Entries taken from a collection
'''
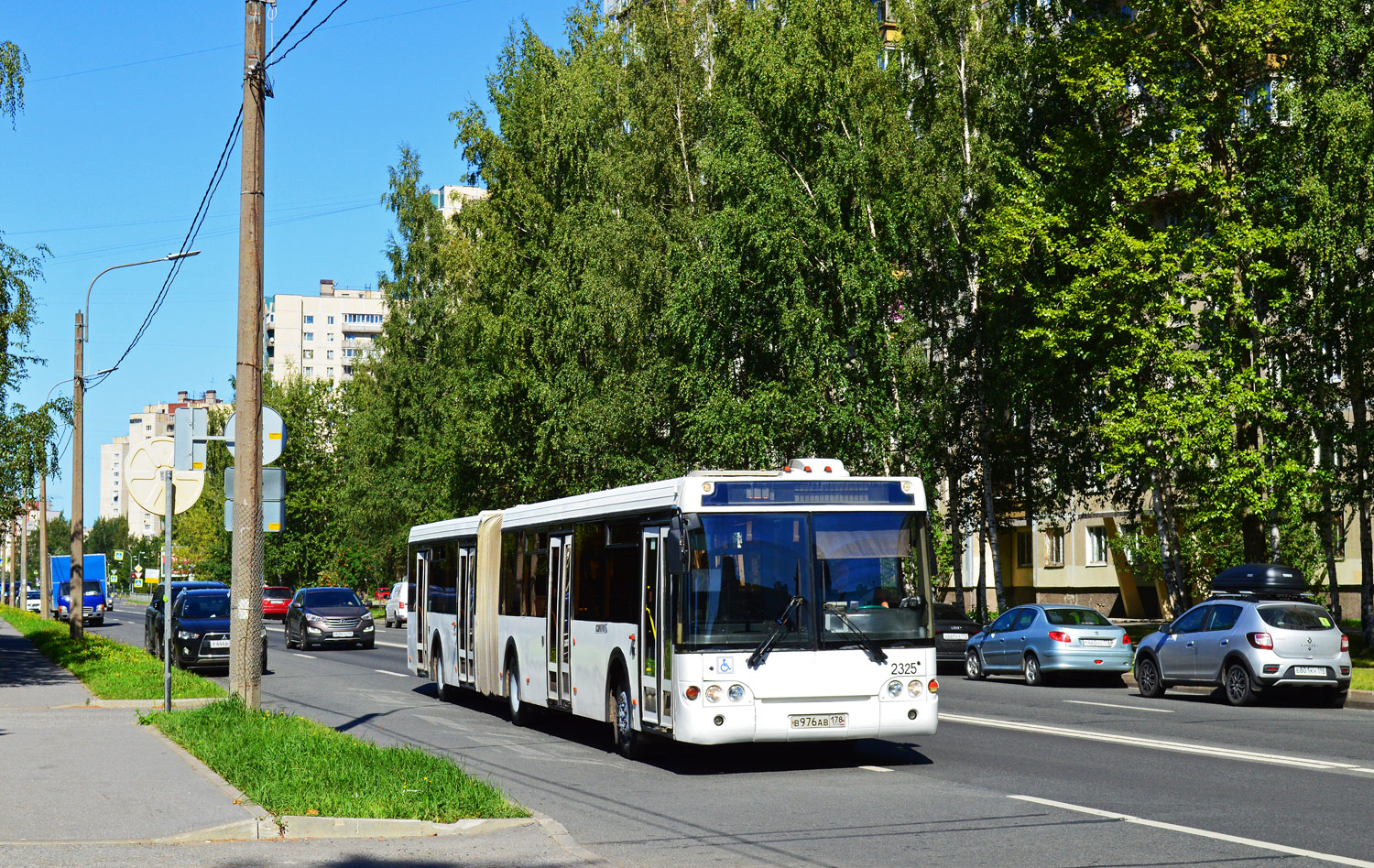 Sankt Petersburg, LiAZ-6213.20 Nr 2325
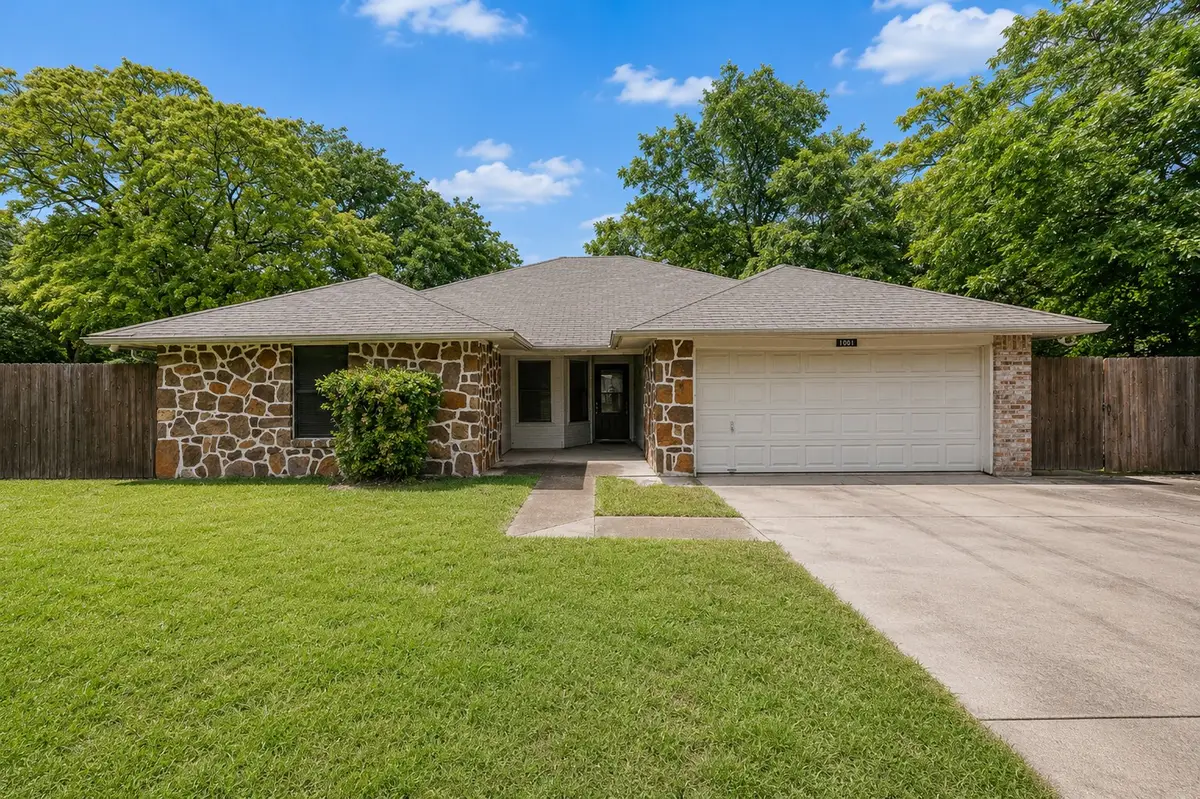 1001 Rosebud Drive, Azle, TX 76020 - #1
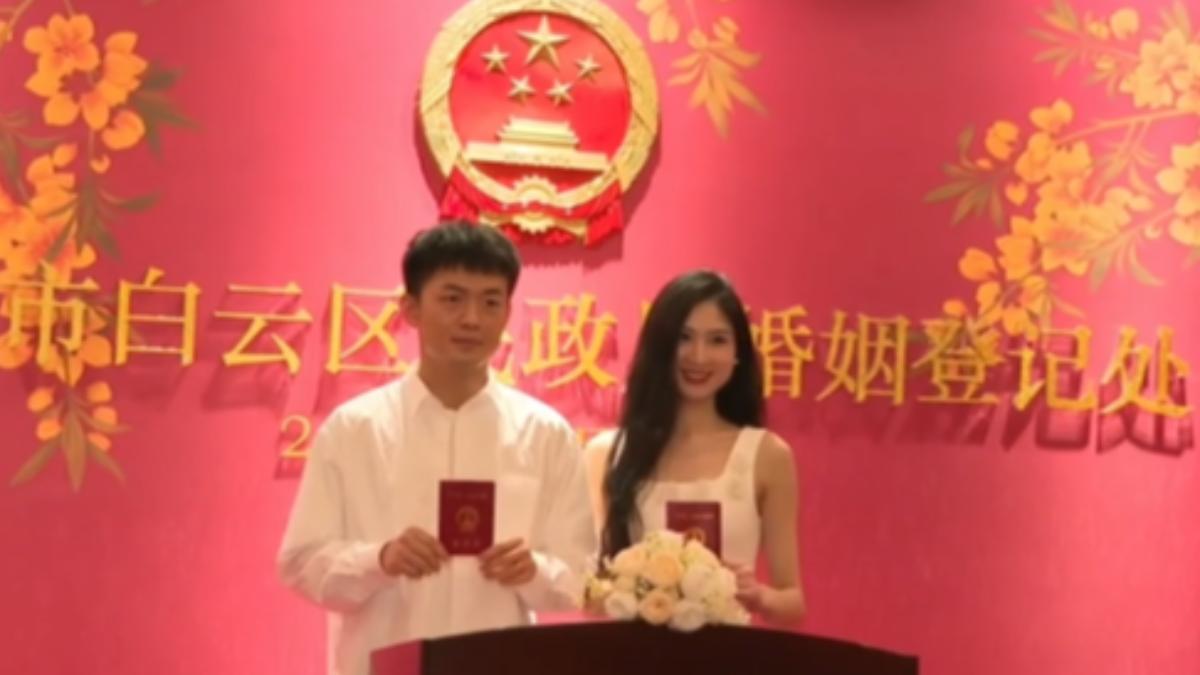 今年元宵節與西洋情人節只差兩天，預約登記的新人比往年增加2倍。（圖／上海東方衛視）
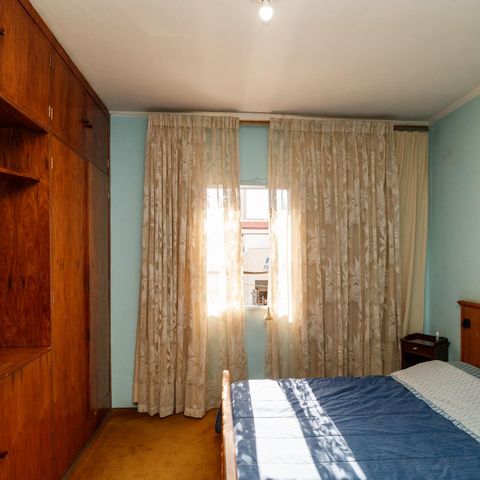 Casa à venda com 350m², 4 quartos e 2 vagas Casa à venda com 350m², 4 quartos e 2 vagasSuíte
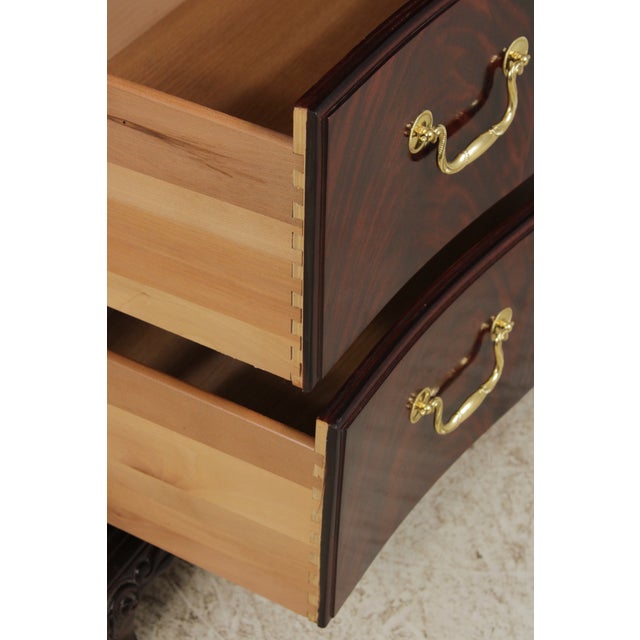 Thomasville Flame Mahogany Bow Front Chest on Chest For Sale In Philadelphia - Image 6 of 15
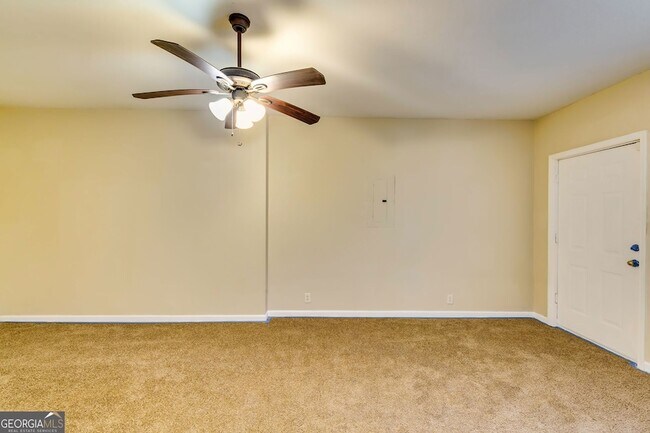 Building Photo - 2727 Manor Cove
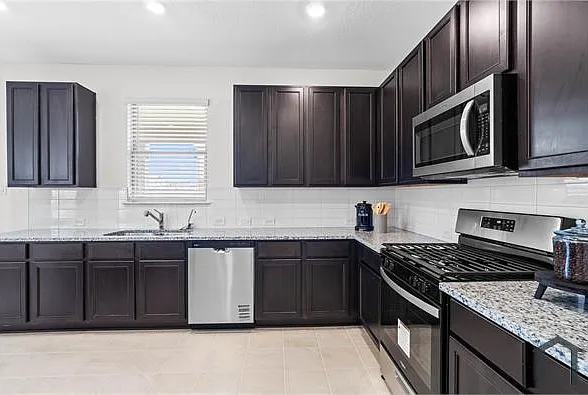 4407 Adlington St — Photo 10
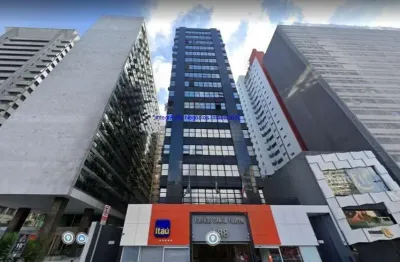 Condomínio com recepção e segurança 24hrs funcionamento de segunda a segunda.  excelente localização, á 4 minutos andando para a estação do metrô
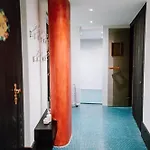 Montjola Nova فندق شرنز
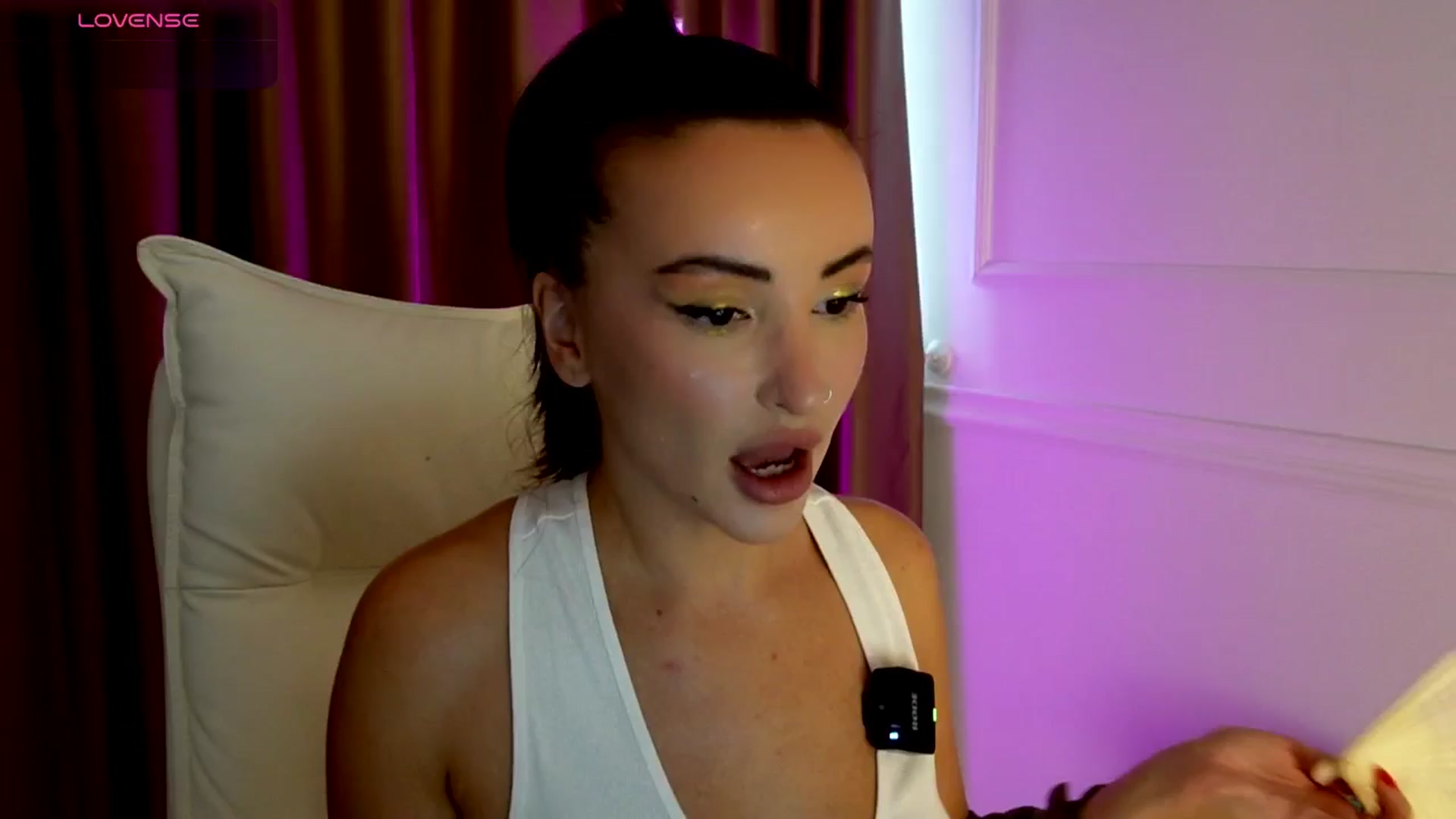 Gallery image thumbnail from AlyssiaKENT1's myfreecams stream on, 09/12/2025, 14:58 image 7 of 20
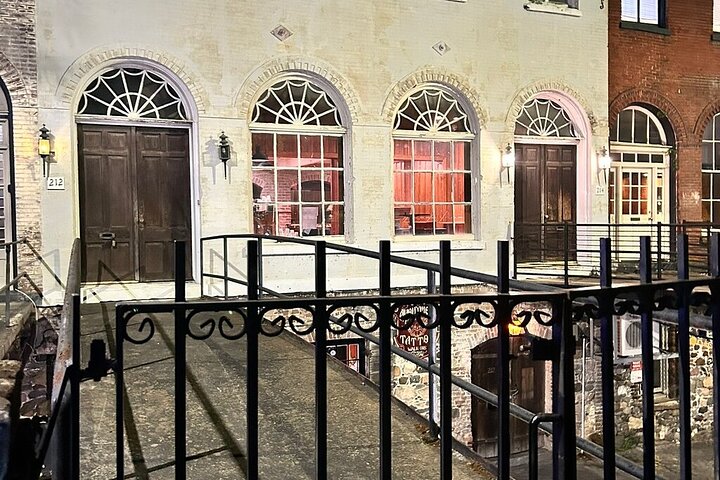 Savannah Haunted Pub Crawl Walking Tour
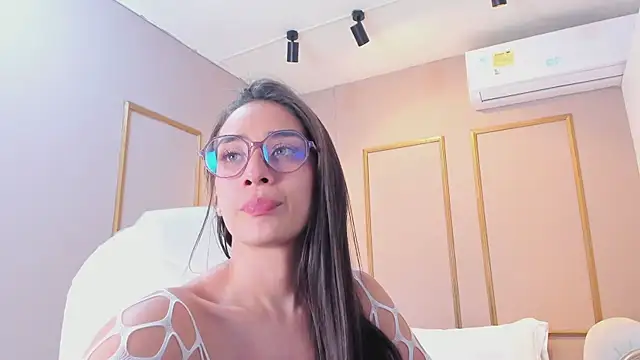 NahimiThompson webcam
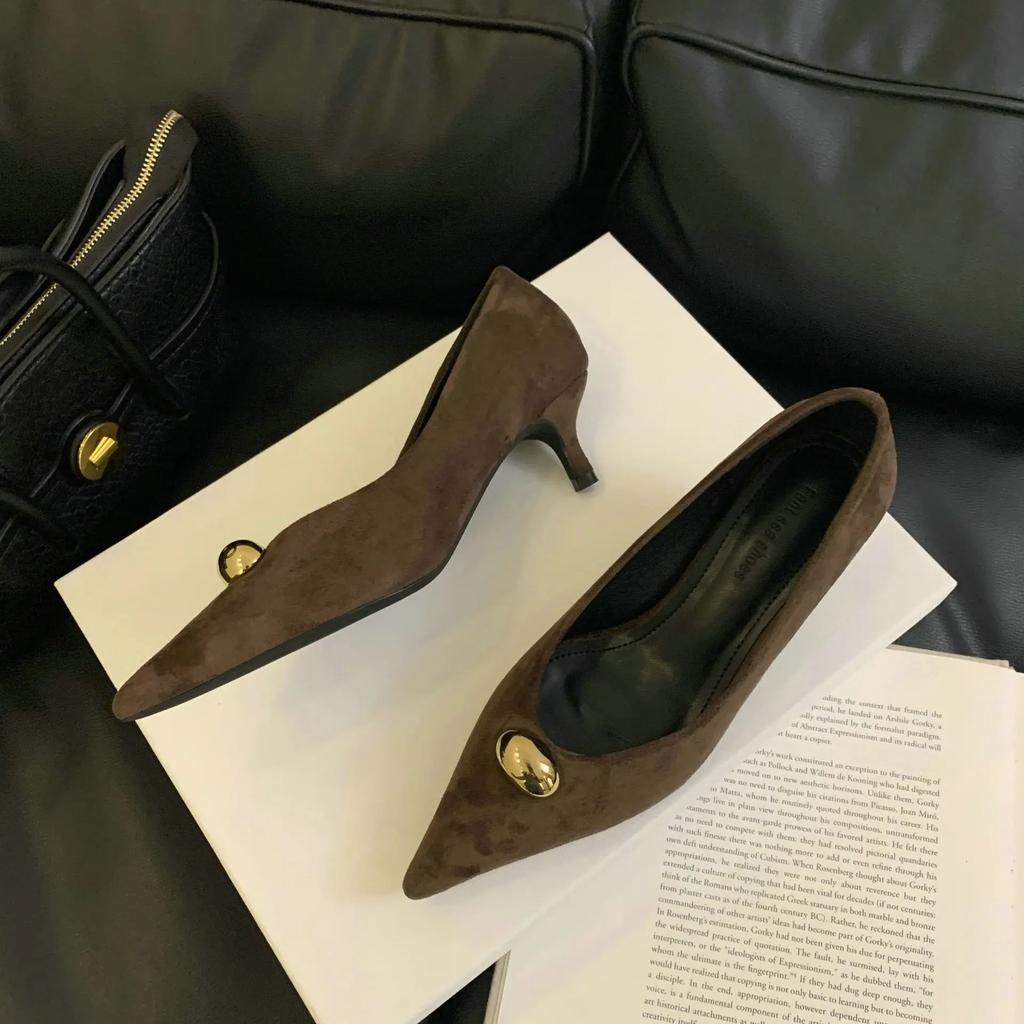 Eleganckie Buty na Koturnie Damskie Szpilki 2025 Nowe Szpiczaste Czółenka Biurowe Damskie Metalowa Klamra Płaskie Czółenka Modne Buty na Imprezę Sukienkowe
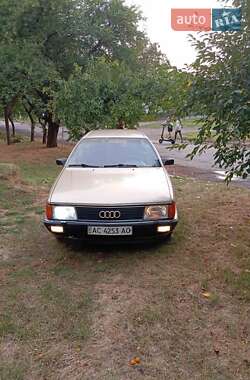 Седан Audi 100 1985 в Горохові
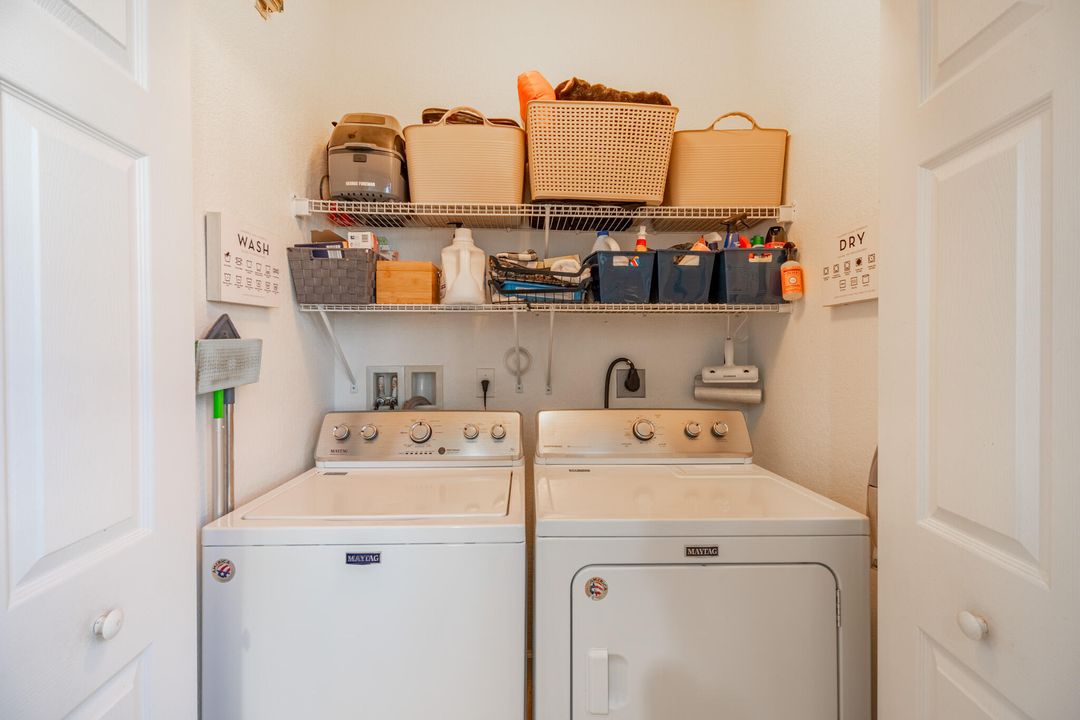 Active With Contract: $259,900 (2 beds, 2 baths, 1221 Square Feet)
'''
# What is expected
A word-for-word copy of all the data, without pictures, is the expected output.

# Answer space
 Sankt Petersburg, LiAZ-6213.20 Nr 2325
 1001 Rosebud Drive, Azle, TX 76020 - #1
 今年元宵節與西洋情人節只差兩天，預約登記的新人比往年增加2倍。（圖／上海東方衛視）
 Casa à venda com 350m², 4 quartos e 2 vagas Casa à venda com 350m², 4 quartos e 2 vagasSuíte
 Thomasville Flame Mahogany Bow Front Chest on Chest For Sale In Philadelphia - Image 6 of 15
 Building Photo - 2727 Manor Cove
 4407 Adlington St — Photo 10
 Condomínio com recepção e segurança 24hrs funcionamento de segunda a segunda.  excelente localização, á 4 minutos andando para a estação do metrô
 Montjola Nova فندق شرنز
 Gallery image thumbnail from AlyssiaKENT1's myfreecams stream on, 09/12/2025, 14:58 image 7 of 20
 Savannah Haunted Pub Crawl Walking Tour
 NahimiThompson webcam
 Eleganckie Buty na Koturnie Damskie Szpilki 2025 Nowe Szpiczaste Czółenka Biurowe Damskie Metalowa Klamra Płaskie Czółenka Modne Buty na Imprezę Sukienkowe
 Седан Audi 100 1985 в Горохові
 Active With Contract: $259,900 (2 beds, 2 baths, 1221 Square Feet)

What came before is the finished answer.